- Founded: 1978
- IRL affiliation: 1993
- RLEF affiliation: Full Member
- Ceased: 2010
- Responsibility: Russia
- Headquarters: 36 Leningrad Prospekt, Moscow Russia 125167
- Key people: Alexander N. Eremin (President)
- Website: rugby13.ru

Russia

= Russian Rugby League Federation =

Sports governing body in Russia

Russian Rugby League Federation (Федерация Регбилиг России) was the governing body for rugby league in Russia until 2010. It was founded in 1978 mainly as a governing body for Moscow-based teams, and became the head body for all of Russia in 1986. The Russian Rugby League Federation became affiliated to the Rugby League International Federation in 1993. In 2003 the Russia became a full test nation in rugby league.

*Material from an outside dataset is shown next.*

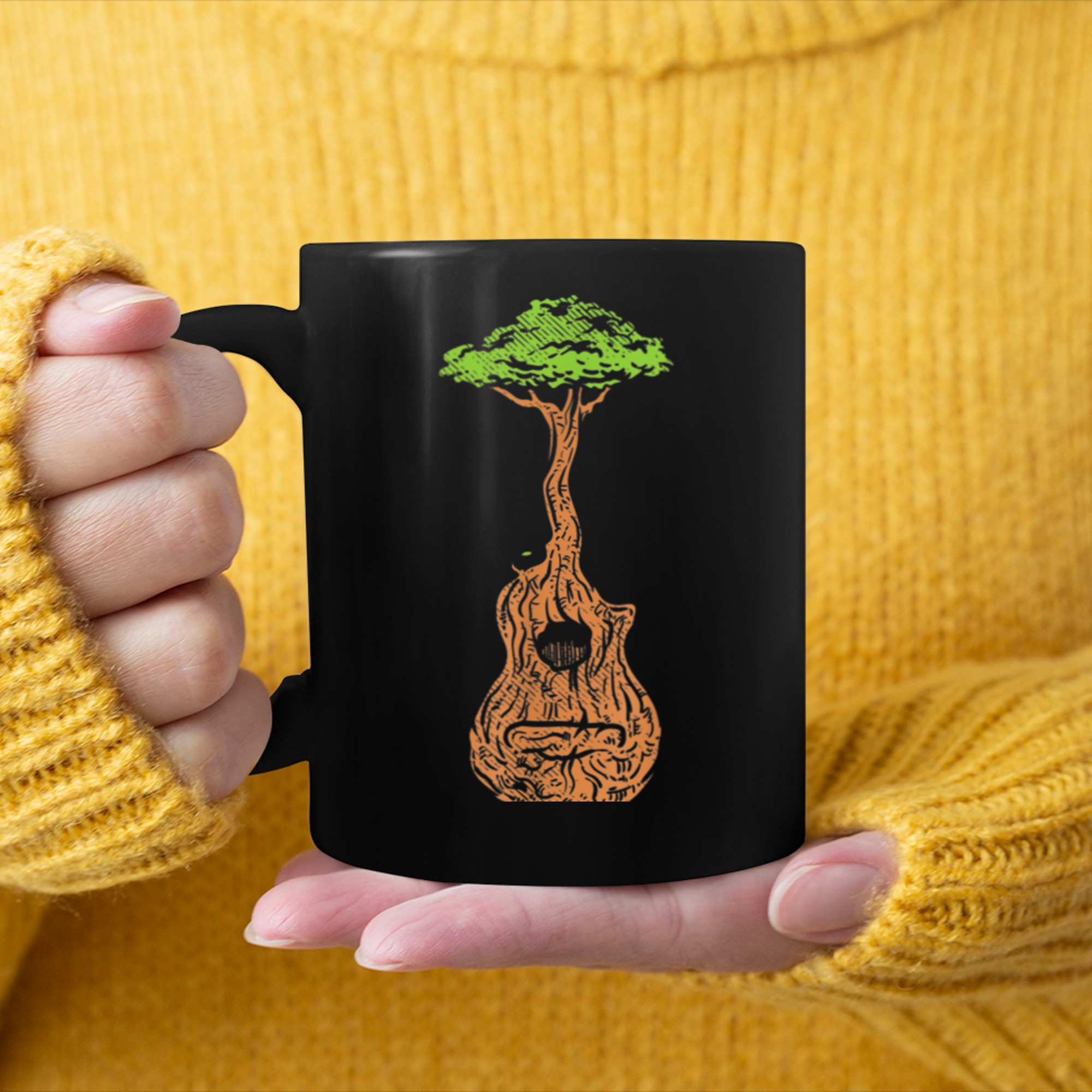 Acoustic Guitar Tree of Life T-Shirt Nature Guitarist (1) mug black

Russian Ministry of Sports order number 21 dated 20 January 2010, expelled Rugby League from the State Register of Sports of Russia.
President Alexander Eremin, board member and employees will discuss the option for the continuation of Rugby League in Russia with various government, civic and sports organizations, in particular the ministry of Sports and Rugby Union of Russia

The Russian Rugby League Federation became defunct and the Association of Rugby League Clubs (ARLK) took over the role of governing the sport in 2010.